═══ Dataset records ═══
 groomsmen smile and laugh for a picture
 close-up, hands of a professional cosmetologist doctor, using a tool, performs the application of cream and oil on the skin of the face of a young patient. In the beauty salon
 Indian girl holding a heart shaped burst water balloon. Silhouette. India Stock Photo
═══
═══ Dataset records ═══
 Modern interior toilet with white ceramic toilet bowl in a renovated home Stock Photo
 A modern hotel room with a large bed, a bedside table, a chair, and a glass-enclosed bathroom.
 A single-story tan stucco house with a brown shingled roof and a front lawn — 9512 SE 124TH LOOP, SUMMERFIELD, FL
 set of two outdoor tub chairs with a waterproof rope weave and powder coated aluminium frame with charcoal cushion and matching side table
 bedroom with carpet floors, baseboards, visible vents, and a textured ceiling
═══
What the task requires >> Scan the entries above for the line containing "groomsmen smile and laugh for a picture", and copy it and all lines after it exactly, down to and including the line containing "close-up, hands of".

Solved problem >>
 groomsmen smile and laugh for a picture
 close-up, hands of a professional cosmetologist doctor, using a tool, performs the application of cream and oil on the skin of the face of a young patient. In the beauty salon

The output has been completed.